Write endpoints return 202 Accepted because changes are queued for approval rather than applied immediately. The pending queue workflow (propose, approve, apply) is documented in the Pending Queue reference.

Write Guard Checks

Every write endpoint performs two sequential checks via assert_canonical_write_enabled():

Mode check - backend.supports_writes() must return True (only PRIMARY backends do). Returns 503 if the instance is in REPLICA mode.
Format check - the configured canonical_format must match the API version being called. v2 endpoints require canonical_format='v2'; v1 endpoints require canonical_format='legacy'. Returns 503 on mismatch.
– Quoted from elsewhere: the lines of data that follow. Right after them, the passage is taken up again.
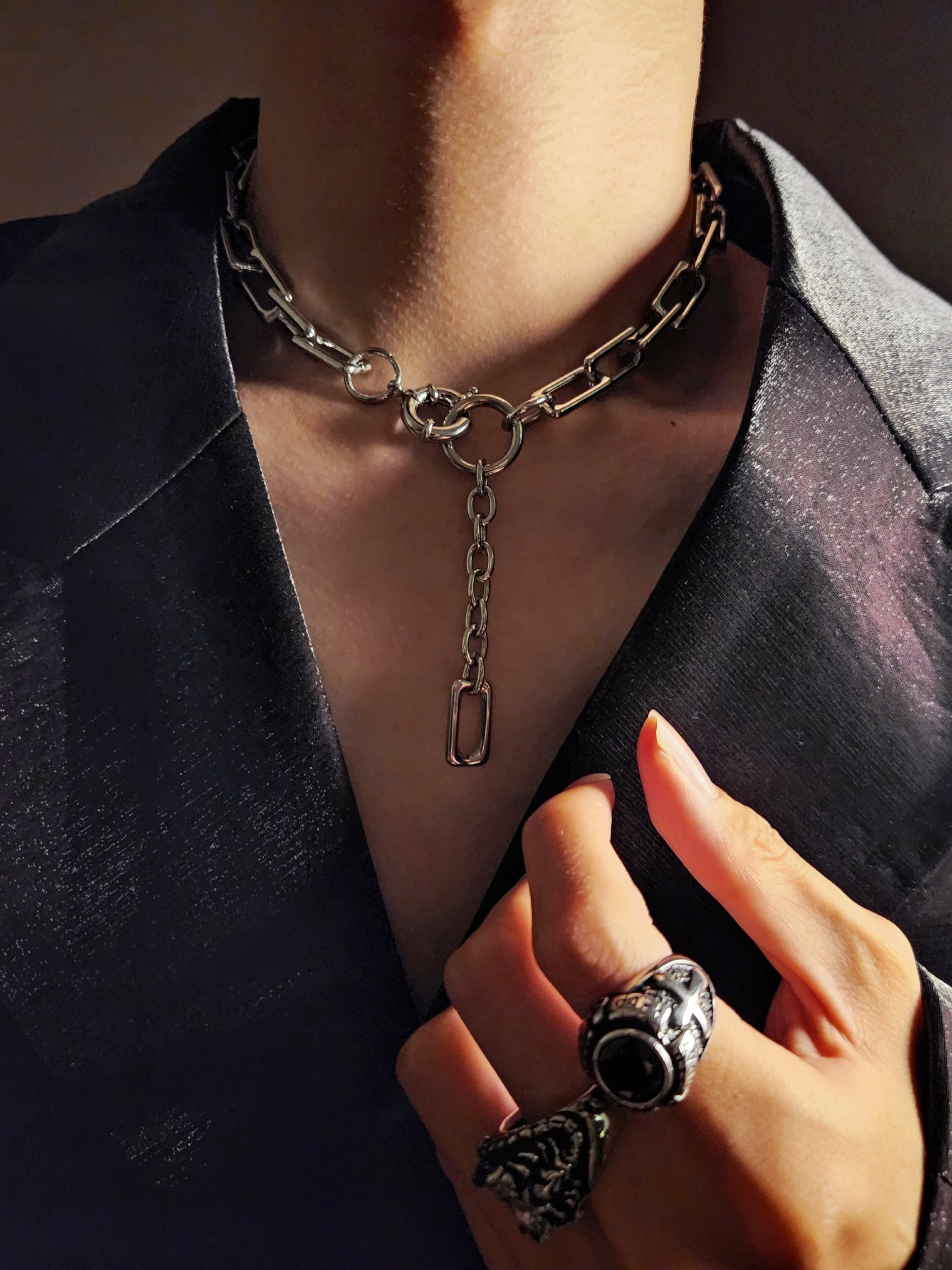 MTXX_MH20230909_013017459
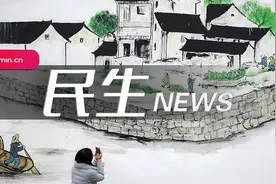 暑期兼职新风尚：顺丰同城招募大学生兼职骑士图片
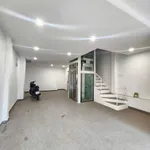 Bán nhà phân lô ô tô tránh 50m2, 6 tầng thang máy, gần Hồ Tây, Lạc Long Quân, Tây Hồ - Ảnh thu nhỏ 2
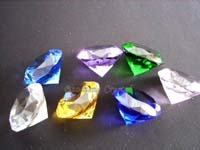 BS-JL-mix diamond
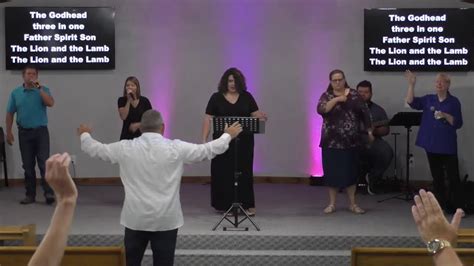 Naked And Unashamed YouTube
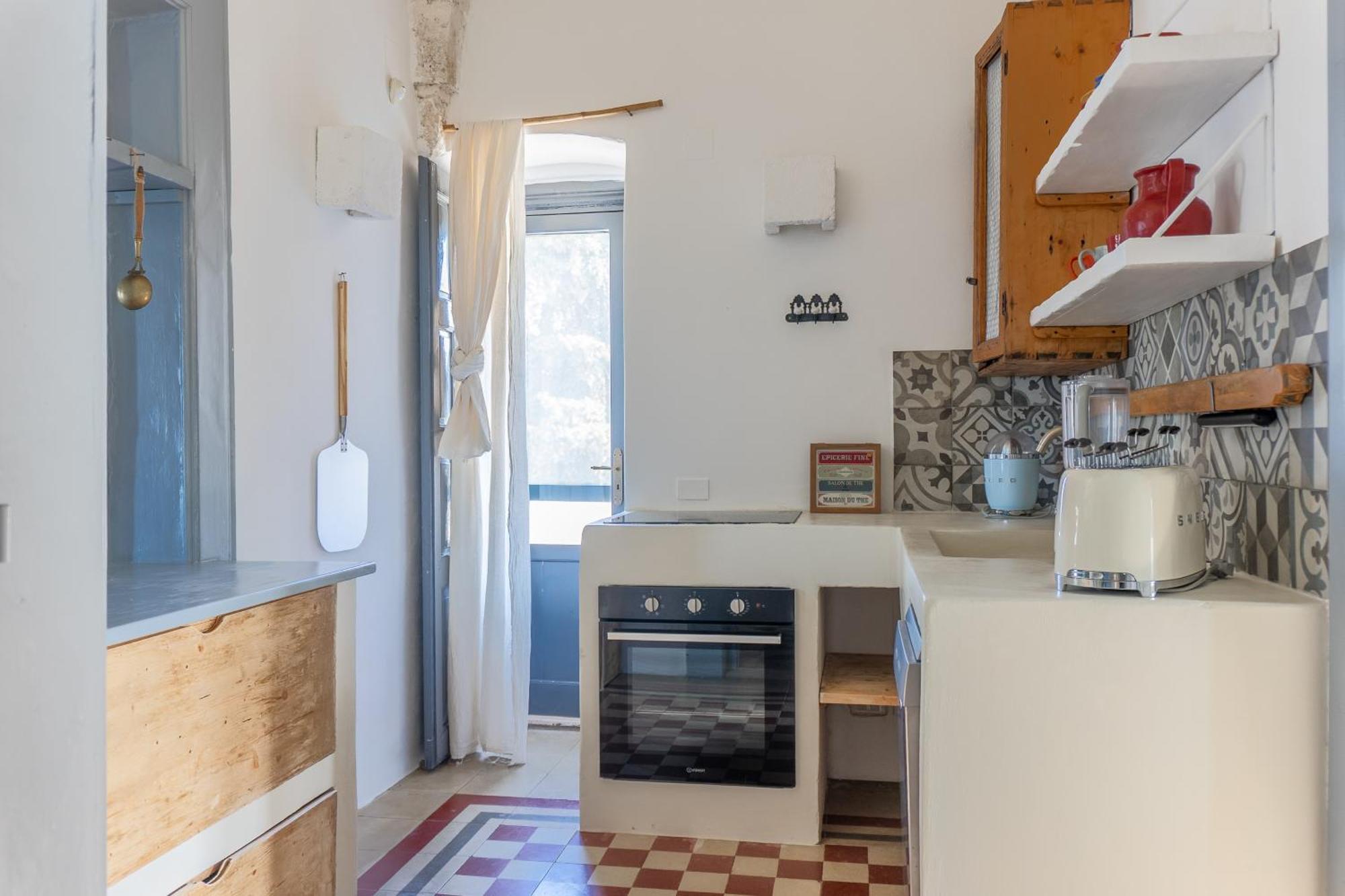 Masseria Eccellenza Pezze Di Greco Eksteriør billede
This dual-gate ensures that write traffic is routed to exactly one API version at any given time, preventing split-brain data issues.

Authentication

Write and pending-queue endpoints authenticate via the apikey header:

The API key is sent to AI-Horde's /v2/find_user endpoint.
The response yields a username in Name#ID format; the numeric ID is extracted.
The ID is checked against configured allowlists (requestor_ids for submissions, approver_ids for approvals).
If no allowlists are configured, a hardcoded fallback list is used with a warning logged.

Error Handling Patterns

Status	Meaning
400	Invalid request format or name mismatch
401	Invalid or unauthorized API key
404	Category or model not found
409	Model already exists (POST create only)
422	Pydantic validation errors
500	Unexpected errors (file I/O, backend failures)
503	Wrong mode (REPLICA attempting write) or wrong canonical format

The 503 responses include descriptive messages explaining which configuration change is needed, making misconfiguration easy to diagnose.

Cache Invalidation

When a queued change is approved and applied, the apply step invalidates caches at all layers:

Manager in-memory cache for the affected category
Backend cache (file mtime tracking for filesystem, Redis keys for RedisBackend)
Analytics caches (statistics, audit) for the affected category

This ensures subsequent read requests pick up the updated data without waiting for TTL expiry.